Di mana seleksi berkas, tes psiko, kompetensi, dan wawancara menjadi poin penting. Mari Moi Ngone Foturu haruslah menjadi semangat kompetitor Bawaslu.

Semboyan ini tentu sangat menguatkan manusia Maluku Utara dikala harapan para kompetitor Bawaslu Maluku Utara haruslah menjadi pertimbangan pluralitas masyarakat menjadi representatif perwujudan Demokrasi Pancasila di Maluku Utara. 

Karena itu, demokrasi haruslah diwujudkan pada nilai-nilai ke-Indonesia-an kita, termasuk nilai pluralitas. 

Prinsipnya adalah Sila ke 4 Pancasila yaitu, 1. Mengutamakan kepentingan negara dan masyarakat. 2. Tidak memaksakan kehendak kepada orang lain. 3. Mengutamakan budaya musyawarah dalam mengambil keputusan bersama. 4. Bermusyawarah sampai mencapai kata mufakat diliputi semangat profesionalisme, dan didukung oleh prinsip kekeluargaan. ( Pancasila Rumah bersama).

Memang sila ke 4 Pancasila seharusnya termanifestasikan dalam sikap pada setiap momen perekrutan Bawaslu Maluku Utara (pendaftar).
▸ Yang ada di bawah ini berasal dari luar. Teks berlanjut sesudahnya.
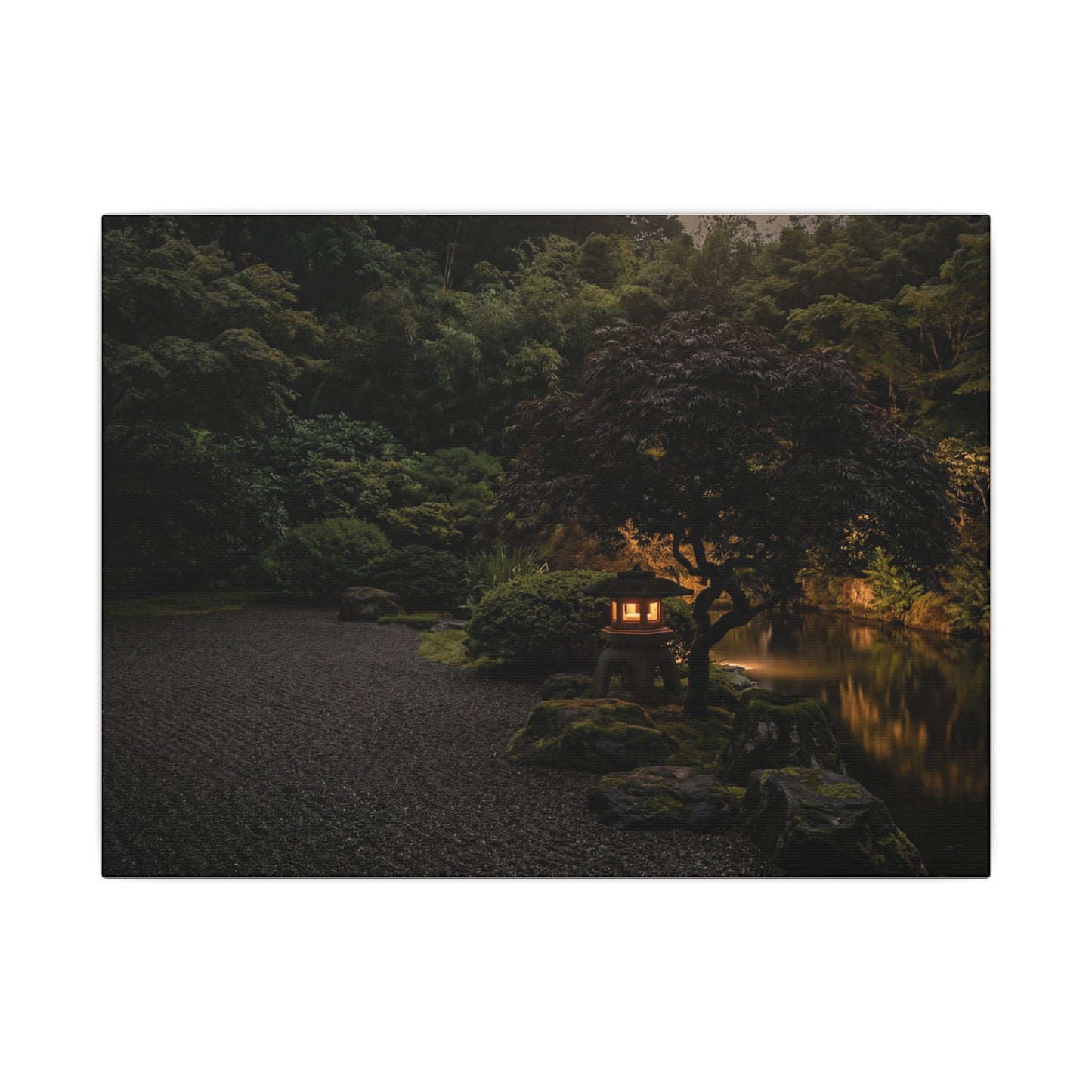 Dark Japandi Moonlit Garden in Golden Hour | Moody Minimal Canvas Art Art Print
Karena itu apa yang di pikirkan Foucault terkait Reproduksi sosial adalah nyata melahirkan generasi yang sama, Jika secara empirikal fakta pluralistik manusia Maluku Utara tidak jadi prioritas pertimbangan keputusan. 
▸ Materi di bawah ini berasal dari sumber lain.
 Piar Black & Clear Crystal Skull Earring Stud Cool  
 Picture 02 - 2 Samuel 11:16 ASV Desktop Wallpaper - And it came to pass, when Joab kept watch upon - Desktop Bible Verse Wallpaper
Jika fakta pluralis diabaikan maka Foucault mengatakan " Orang bebal melahirkan orang bebal". Karakter yang sama ini teradopsi dengan sendirinya oleh generasi baru terhadap yang tua. Kita butuh kontemplasi, sehingga abrasi moral mengikis perilaku kekosongan jiwa, tindakan pun tidak bermakna, demokrasi tanpa makna.

Agama apa pun di Maluku Utara berkewajiban memberi makna demokrasi sesuai amanat kitab sucinya, yang berdiri tegak pada keterpanggilan Imannya. Sejalan dengan keterpanggilan itu, Amir Sjarifuddin juga pernah menjuastivikasi dan menekankan bahwa Gereja harus berjiwa nasionalis. 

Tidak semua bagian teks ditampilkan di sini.